Comemoram-se, este ano, os 350 anos sobre a publicação d’ As Cartas Portuguesas, o romance epistolar cuja autoria é atribuída a Soror Mariana Alcoforado, nascida em Beja em 1640.

Não me alongarei sobre a biografia da desventurada freira ou sobre o seu malogrado amor pelo oficial francês Noel Bouton, o Marquês de Chamilly. A mim, que me importo com pouco, basta-me o arrebatamento que me causa cada uma das cinco cartas em que Mariana glorifica e maldiz as sensações que tão breve e intenso envolvimento lhe provocou.

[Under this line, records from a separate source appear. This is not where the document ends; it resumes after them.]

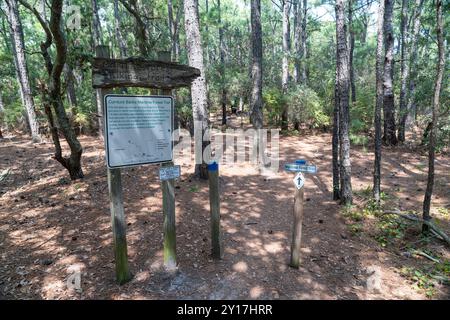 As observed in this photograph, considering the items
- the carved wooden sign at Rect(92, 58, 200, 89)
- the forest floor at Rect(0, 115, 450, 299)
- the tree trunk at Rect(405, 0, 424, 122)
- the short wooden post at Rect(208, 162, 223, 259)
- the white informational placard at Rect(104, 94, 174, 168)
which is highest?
the tree trunk at Rect(405, 0, 424, 122)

A miúda que gosta de se comover com o amor, de nutri-lo e de observá-lo nos outros, de ver as diferentes formas que pode tomar e como pode brotar nas terras que se afiguram mais áridas, a quem lhe apraz sentir que apesar do amor se revestir de uma absoluta subjetividade e comportar incontáveis vicissitudes singulares, há nele uma universalidade desconcertante, não podia não ser uma incondicional admiradora d’As Cartas Portuguesas e da religiosa de quem se diz ter vivido toda a vida num espaço de apenas cem passos. Aprecio, portanto, qualquer forma artística que evoque tão arrebatada e desgostosa dileção.

São muitos os poetas que na sua obra, de uma ou de outra forma, têm referências às cartas que se creem ter sido escritas pela soror bejense. Entre eles encontramos Adília Lopes, com o poema “Marianna e Chamilly”, que dá corpo ao refrão desta canção d’A Naifa.

Formados em 2004 pela mão de João Aguardela (líder icónico dos Sitiados) e Luís Varatojo, nomes associados à pop portuguesa dos anos 80 e 90, aos quais se juntou a voz de Mitó Mendes e o baterista Vasco Vaz, A Naifa foi um dos projetos mais interessantes e diferenciadores na música portuguesa da primeira década deste século. Posteriormente, para assumir o baixo e bateria, respetivamente, ingressam na banda Sandra Baptista (a Sandra, do acordeão) e Samuel Palitos.

“Gosto da Cidade\Marianna e Chamilly” faz parte do alinhamento de “Não se deitam comigo corações obedientes” o quarto álbum da banda, lançado em 2012, já após a morte de Aguardela que ocorreu em 2009.

O projeto, entretanto, terminou mas deixou-nos, entre tantas outras brilhantes músicas quase sempre escritas a partir de criações de poetas portuguesas contemporâneos, esta canção que soa a melancolia contemporânea, a tédio e a tinto de reserva, a quotidiano e a solidão, a cidade deserta à sexta à noite; soa a taciturnidade e, sobretudo, soa a amor. Não chega a soar a Mariana porque Mariana será sempre mais do que amor…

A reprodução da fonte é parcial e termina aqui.